I find this logic rather strange. How is the same dollar low
for a Singaporean but a fortune for someone else when both are living in same
city. Then there’s the inevitable fact that many of the people who tell me that
I’ve lowered myself by working in a “low paying” job are the very people who
need me to top up their bus card.
Sure, I am officially a “pleb.” I am earning less than I did
when I first started out in the PR and advertising world. As I approach my 40th
birthday, I am slowly but surely becoming a statistic that the government
worries about.
However, instead of feeling resentment, I’ve found that it’s
better to make the most of the situation. I make more from a single free-lance
job than I do in a single month of waiting tables. However, this job is steady
and what I make from the job ties me over when the PR work is nonexistent. More importantly, I’m able to use my freelance
earnings to build up savings and the job has also helped me to start up
building my nonexistent CPF funds (the Provident Fund is Singapore’s main
pension system).
I have very low pay, yet I’ve manage to survive. I’ve found
that having a badly paid job makes you a little more interesting to people.
There are, however, people who disagree with my experiences.
They, as I’ve said earlier, the people who need me and my low wages to top up their
bus cards. Apparently this group have reached a stage in life where they know
it all and the concept of labour is insulting to them.

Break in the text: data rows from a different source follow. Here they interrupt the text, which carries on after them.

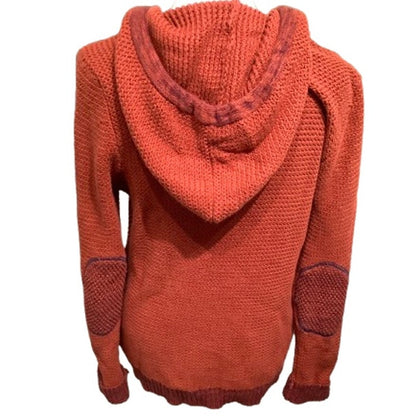 Natural Reflections Orange & Purple Hoodie Sweater M - Boho, Cozy, Patchwork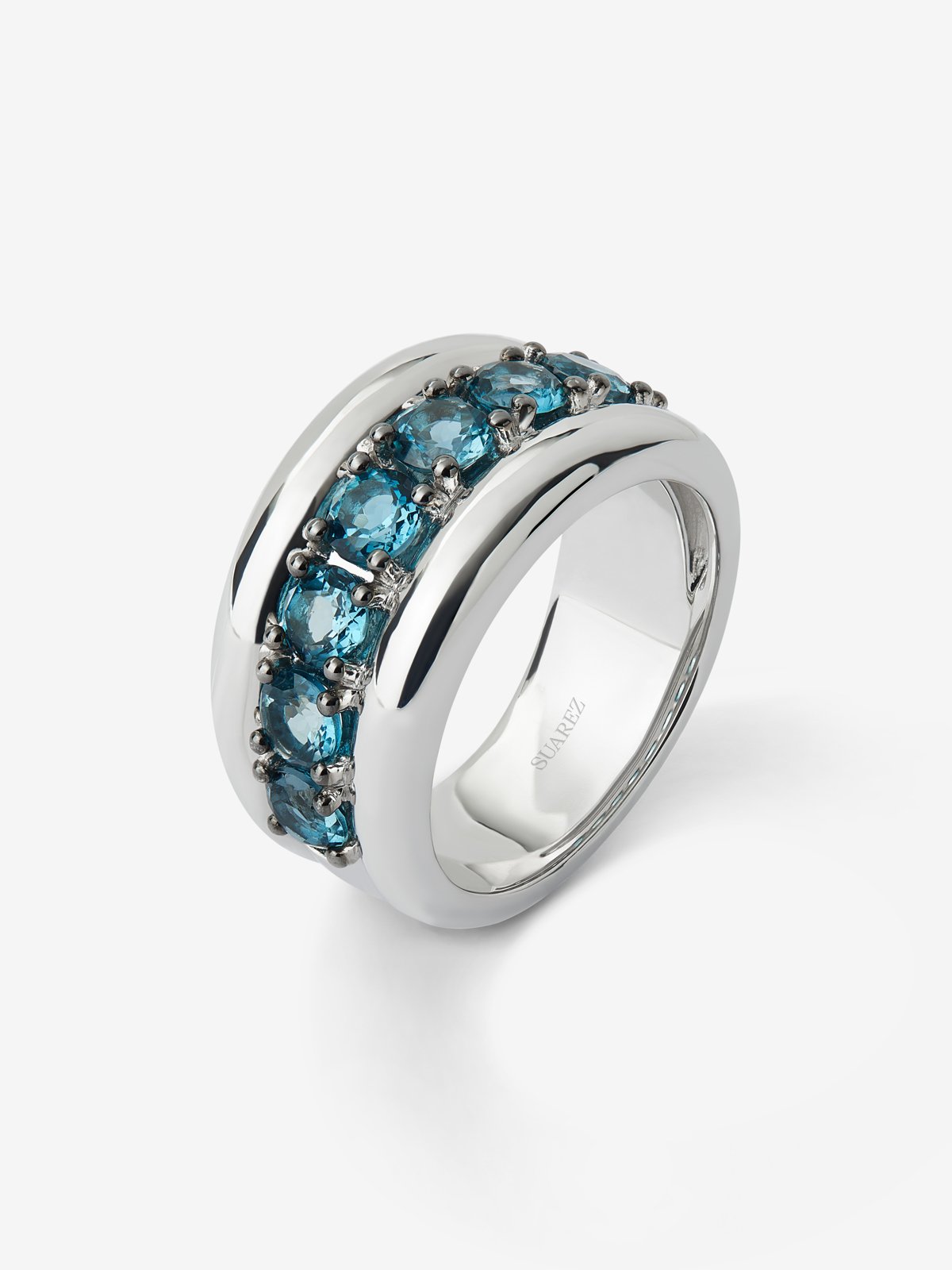 925 silver ring with brilliant cut London blue topaz pave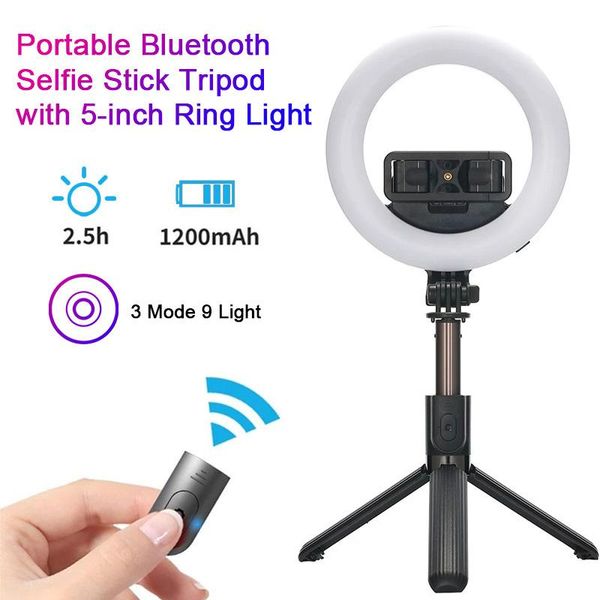 selfie monopods l07 wireless bluetooth stick foldable handheld remote shutter tripod with 5-inch led ring light for live stream make up
selfie monopods l07 wireless bluetooth stick foldable handheld remote shutter tripod with 5-inch led ring light for live stream make up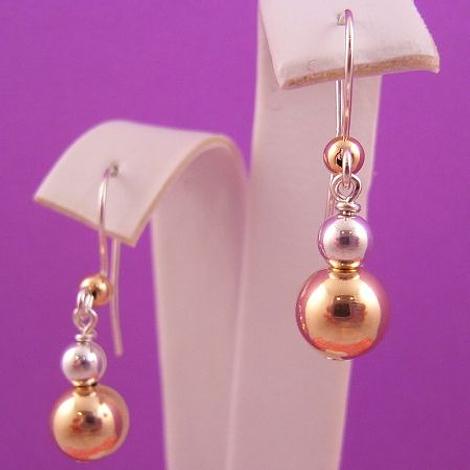 9ct Yellow Gold & Sterling Silver Ball Bead Drop Design Earrings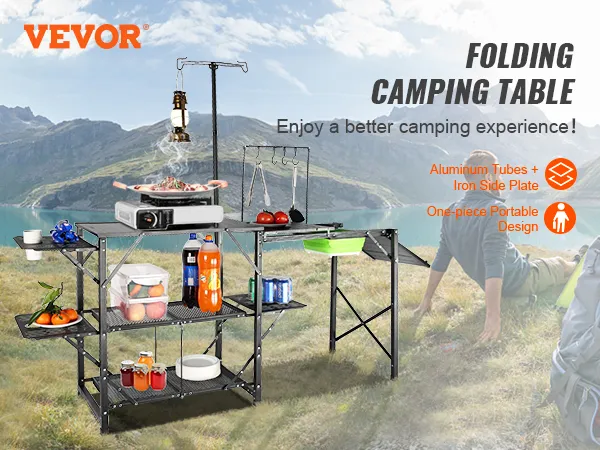 VEVOR camping kitchen table with shelves and gear in scenic mountain campsite. enjoy a better camping experience!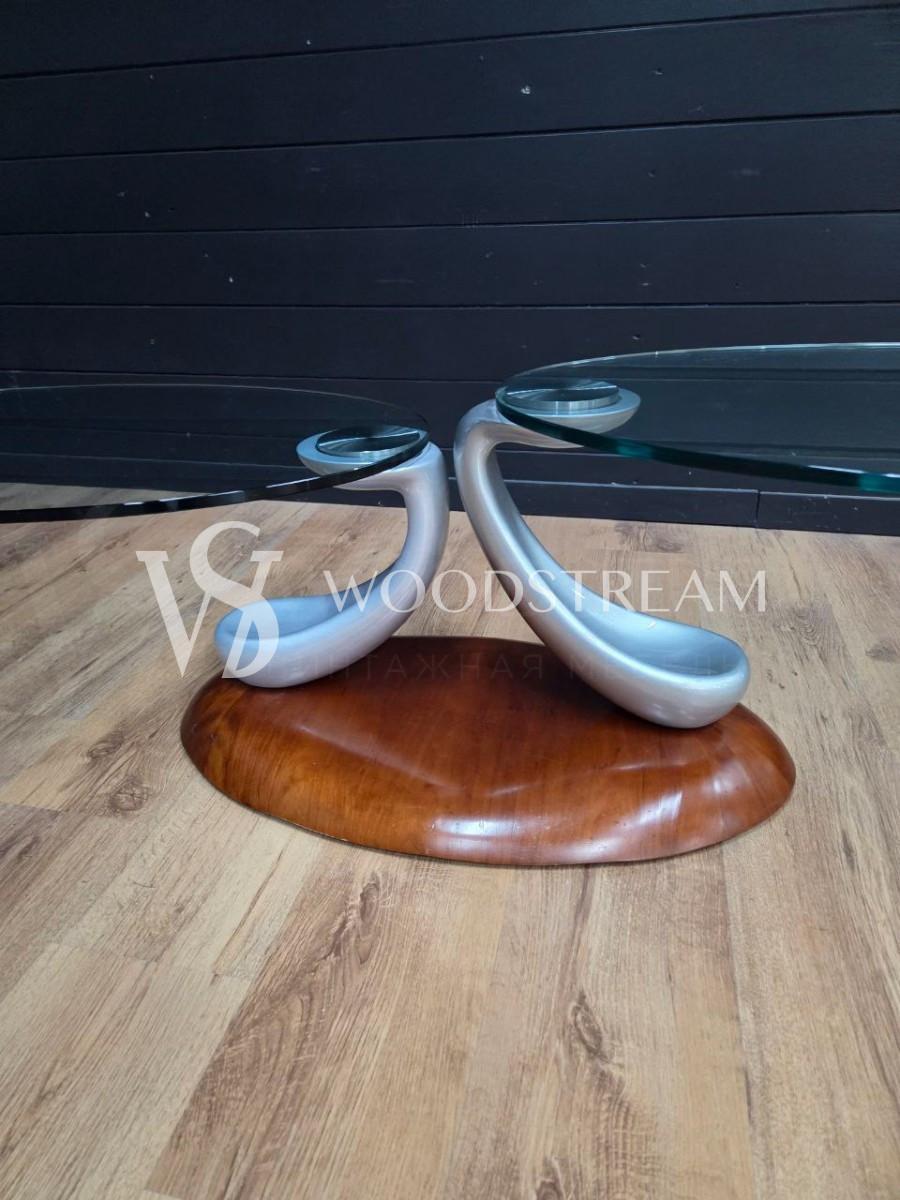 Стол со стеклянной столешницей винтажный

They argue that there is no way one can survive on low pay.
Doing things like washing dishes, sweeping the streets and dare I say, waiting
tables. Apparently, being seen to do these jobs is somehow shameful and one
should not do or be seen to do these things.
However, it seems to be perfectly acceptable to their social
standing to do things like search through ashtrays for unsmoked cigarettes so
that they can have a smoke and bumming drinks of people like foreign workers.
Apparently there is a lot of pride in having holes in your shoes but owning a
$100,000 hi-fi set.
I don’t know, but having shit and lousy pay beats having no
pay at all. Life in the F&B industry has made me more sympathetic to our
foreign arrivals from developing Asia. These are the guys who come here and
take shit. Somehow, they make their lives better.
By contrast, you have the crowd that thinks there is shame
in dirty labour. Somehow, it’s always someone elses fault that they’re not
getting the jobs they think they are entitled to and while we are continuing
this discussion – could you please buy them a meal.